Epitaph für den Dechanten Aschwin von Barum. Sandstein. Der querrechteckige Stein befindet sich in der Wand des östlichen Kreuzgangs. Die Inschrift ist in sechs vertieften Zeilen erhaben ausgehauen. Als Worttrenner sind Punkte und Blätter verwendet worden. Die Räume zwischen den Buchstaben sind mit einer braunen Masse ausgefüllt. In der letzten Zeile ist die Lesbarkeit der Inschrift beeinträchtigt.

Maße: H.: 65 cm; B.: 96 cm; Bu.: 6–7 cm.

Schriftart(en): Gotische Minuskel mit Versal.

DI 58, Nr. 107 - Heilig Kreuz - 1395

 Christine Wulf [1/1]

  1. anno · d(omi)ni · M° · c° c° c° · xcv · i(n) profesto / barnabe · apostoli1) · obiit · / dominus · aschwinus · de · baru(m) / decanus · quondam · huius / ecclesie · [cuius] · anima re/[q]uies[cat · i]n · pace · amen

Übersetzung:

Im Jahr des Herrn 1395 am Tag vor dem Fest des Apostels Barnabas starb Herr Aschwin von Barum, ehemals Dechant dieser Kirche. [Seine] Seele ruhe in Frieden. Amen.

Kommentar

Die stumpf endenden n und u sowie das identisch ausgeführte v in der Jahreszahl legen nahe, daß die Tafel aus derselben Werkstatt stammt wie das Epitaph für Dietrich Digni (Nr. 100).

Seit 1372 ist Aschwin von Barum als Kanoniker,2) von 1385 bis 1395 als Dechant des Kreuzstifts urkundlich bezeugt.3) Eine im Mai 1396 ausgestellte Urkunde nennt ihn als nicht mehr lebend und bestätigt seinen Todestag.4)

Anmerkungen

  1. 10. Juni.
  2. UB Stadt 2, Nr. 351–353, Nr. 355.
  3. UB Hochstift 6, Register S. 1076.
  4. UB Hochstift 6, Nr. 1460 A. – Am 26. Mai wird sein Kanonikat an Heilig Kreuz von Johannes Hamelein besetzt (Repertorium Germanicum 2, Sp. 650).

Nachweise

  1. DBHi, HS C 1030, o.
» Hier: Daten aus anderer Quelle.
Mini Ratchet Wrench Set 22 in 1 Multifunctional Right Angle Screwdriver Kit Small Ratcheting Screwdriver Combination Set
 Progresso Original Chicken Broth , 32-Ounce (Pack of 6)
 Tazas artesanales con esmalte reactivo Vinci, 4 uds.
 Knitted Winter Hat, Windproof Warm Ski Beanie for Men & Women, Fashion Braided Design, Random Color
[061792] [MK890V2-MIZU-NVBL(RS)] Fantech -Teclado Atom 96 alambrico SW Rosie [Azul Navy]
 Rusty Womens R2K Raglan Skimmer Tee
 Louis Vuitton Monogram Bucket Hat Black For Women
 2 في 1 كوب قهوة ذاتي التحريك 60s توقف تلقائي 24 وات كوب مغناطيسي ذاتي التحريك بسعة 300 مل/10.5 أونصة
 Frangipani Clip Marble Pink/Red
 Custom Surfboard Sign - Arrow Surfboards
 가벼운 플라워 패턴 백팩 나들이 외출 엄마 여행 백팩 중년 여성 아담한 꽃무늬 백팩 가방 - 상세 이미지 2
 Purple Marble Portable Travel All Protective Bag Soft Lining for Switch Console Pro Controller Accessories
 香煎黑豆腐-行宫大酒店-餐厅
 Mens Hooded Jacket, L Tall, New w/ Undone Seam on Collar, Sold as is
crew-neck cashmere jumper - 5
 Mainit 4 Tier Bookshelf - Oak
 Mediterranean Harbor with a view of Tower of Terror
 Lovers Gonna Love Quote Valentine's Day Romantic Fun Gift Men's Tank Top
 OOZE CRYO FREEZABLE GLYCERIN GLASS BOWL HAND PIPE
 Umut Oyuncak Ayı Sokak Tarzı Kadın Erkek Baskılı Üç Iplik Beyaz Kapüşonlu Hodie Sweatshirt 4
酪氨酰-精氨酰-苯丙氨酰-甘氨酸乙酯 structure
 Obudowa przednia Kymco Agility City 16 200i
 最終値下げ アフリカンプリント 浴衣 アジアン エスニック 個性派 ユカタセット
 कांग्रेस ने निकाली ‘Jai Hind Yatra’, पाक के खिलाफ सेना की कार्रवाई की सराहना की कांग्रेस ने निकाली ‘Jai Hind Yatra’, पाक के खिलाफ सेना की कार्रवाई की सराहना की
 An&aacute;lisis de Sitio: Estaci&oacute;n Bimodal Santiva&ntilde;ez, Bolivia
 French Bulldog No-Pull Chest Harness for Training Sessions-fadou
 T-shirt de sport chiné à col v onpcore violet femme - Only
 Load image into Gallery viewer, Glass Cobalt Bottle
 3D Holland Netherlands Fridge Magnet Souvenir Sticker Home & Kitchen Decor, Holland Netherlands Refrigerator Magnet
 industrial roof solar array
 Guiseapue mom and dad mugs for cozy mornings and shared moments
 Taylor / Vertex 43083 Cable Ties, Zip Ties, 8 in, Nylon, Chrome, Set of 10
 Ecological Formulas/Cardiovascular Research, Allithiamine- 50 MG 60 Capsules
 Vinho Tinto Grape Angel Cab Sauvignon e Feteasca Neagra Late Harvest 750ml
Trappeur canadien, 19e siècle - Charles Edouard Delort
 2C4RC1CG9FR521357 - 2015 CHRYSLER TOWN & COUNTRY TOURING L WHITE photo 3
S.
  2. DBHi, HS C 28, Nota 44 Kreuzkirche, S. 7.
  3. Kd. Hildesheim, Kirchen, S. 194.
  4. Brandt, Inventar Heilig Kreuz, S. 148.
  5. Slg. Rieckenberg, S. 536f., ein Photo.

Zitierhinweis:
DI 58, Stadt Hildesheim, Nr. 107 (Christine Wulf), in: www.inschriften.net, urn:nbn:de:0238-di058g010k0010701.